Pourtant il nous offre, de temps en temps, des moments de grâce. C'est le camion qui se retourne dans TDK. C'est la séquence du couloir dans Inception. Des scènes où, d'un coup, ses choix artistiques révèlent leur pertinence et nous offre des moments de cinéma bien trop rares. Des scènes où le cinéphile blasé lève un sourcil et se dit que, quand même, quand il veut se sortir les doigts, le père Nolan, il peut aller très loin.
Bien sur ça ne concerne qu'une ou deux minutes par film, et ça ne sert qu'a avoir un très fugace aperçu du potentiel du bonhomme. Frustrant.

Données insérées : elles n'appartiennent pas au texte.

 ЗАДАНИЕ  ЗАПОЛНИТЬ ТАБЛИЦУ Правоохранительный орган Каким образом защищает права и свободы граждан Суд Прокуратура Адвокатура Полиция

N'empêche qu'on ne peut pas s'empêcher de rêver à un film qui ne serait constitué que de scènes aussi fortes.
Et, donc : ce n'est pas le cas de TDKR. Il y a bien des idées de montage (les inserts lors du combat entre Batman, Catwoman et les hommes de Bane, le silence lors du premier affrontement entre ce dernier et Batounet...) et on sent que Nolan est de bonne volonté (la scène d'intro), mais il n'arrive jamais à transcender ses limitations pour nous offrir le grand film d'action qu'on aimerait tous voir. Dommage.

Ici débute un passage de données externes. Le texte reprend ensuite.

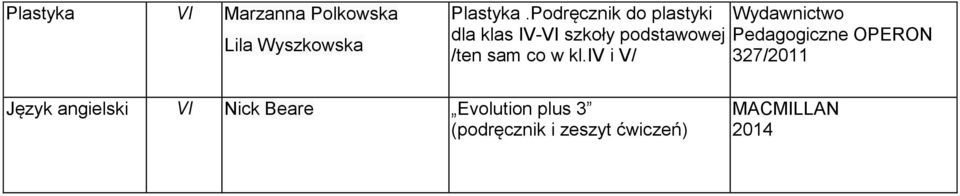 co w kl.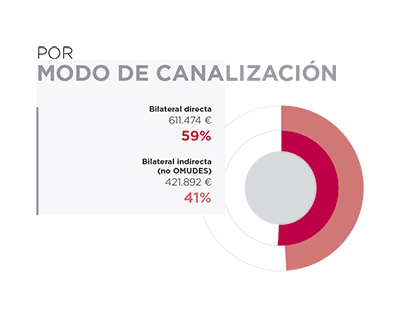 Egipto. Por modo de canalización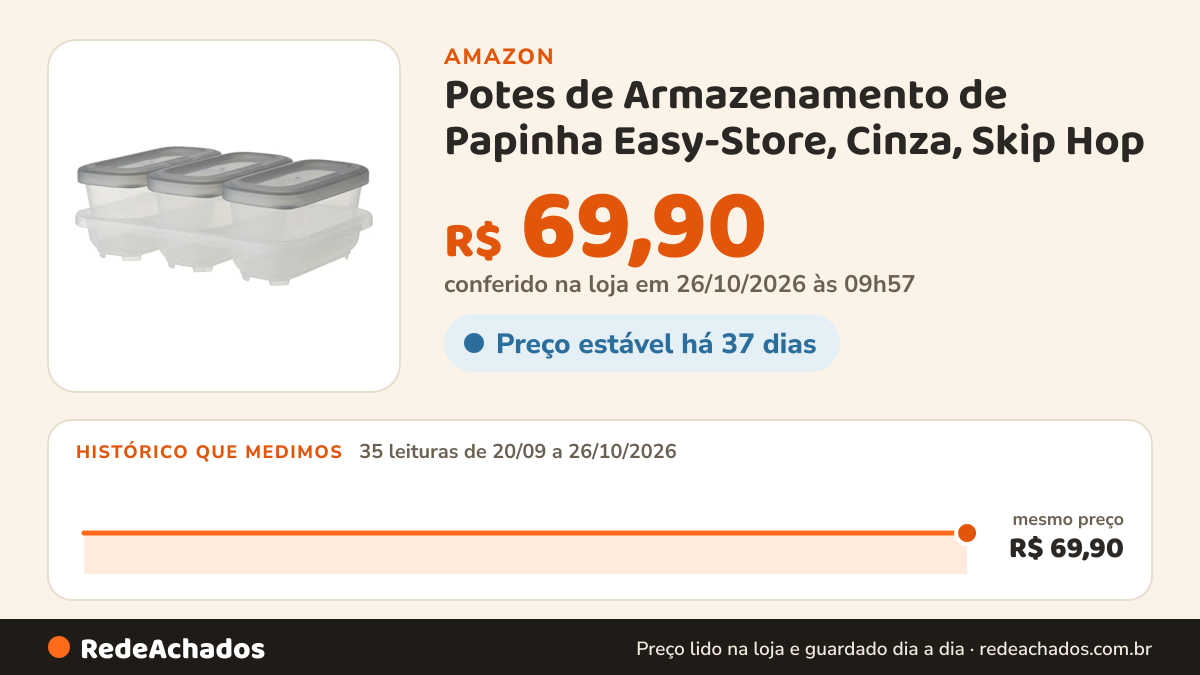 Histórico de preço de Potes de Armazenamento de Papinha Easy-Store, Cinza, Skip Hop na Amazon: 34 leituras de 20/09/2026 a 25/10/2026, mesmo preço, R$ 69,90, em todas; R$ 69,90 conferido em 25/10/2026 às 12h00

Ce qui permet au film d’échapper au désastre complet, c'est son casting. Pour le coup, Tom Hardy, Anne Hattaway et Jodeph Gordon-Levitt sauvent vraiment leurs personnages grâce à leurs prestations. Je sais pas comment fait Nolan, mais il prouve encore une fois qu'il est un directeur d'acteur exceptionnel - et Hattaway remonte énormément dans mon estime.
2,5/6.
Comme d'hab : frustrant.
helldude a écrit:Moi j'aimerais bien une nouvelle franchise radicalement différente...plus proche de celle des jeux arkham...
Mark Chopper a écrit:La mode des années 2010 consiste à faire des suites de merde qui permettent de réévaluer des purges.
Alegas a écrit: j'en viens même à penser qu'il s'agit du film le plus faible de Nolan et ce, malgré quelques fulgurances sur certaines séquences (la prison, les scènes avec Alfred).
Milkshake a écrit:J'irais pas jusque là, ça reste quand même meilleur que Begins mais de peu sachant que Begins est clairement le film le plus faible de la filmo de Nolan.
Plus j'y pense plus Rises accumule des défauts très proche d'Inception cumul de perso, des dialogues à rallonge, accumulation de scénettes accéléré qui empêche l'ambition du projet de prendre vie, de l'ampleur. D'ailleurs Cottilard se tape à nouveau un personnage ingrat et mal écrit.
Mais je crains un peu la suite de la filmo de Nolan, à moins de se faire plaisir avec un projet perso plus limpide et simple dans sa narration.
scalp a écrit:Southland Tales d'un drogué
On dirait une version scary movie de Strange Days.
10/10
Logan a écrit:Je l'ai revu cette aprem et même si y a d'excellente scénes du côté de Wayne c'est clairement le plus faible des trois (et de Nolan), il manque vraiment un peu de folie et de prises de risques, le côté bombe nucléaire/24 est un peu relou et y a vraiment trop de trous dans le scénario.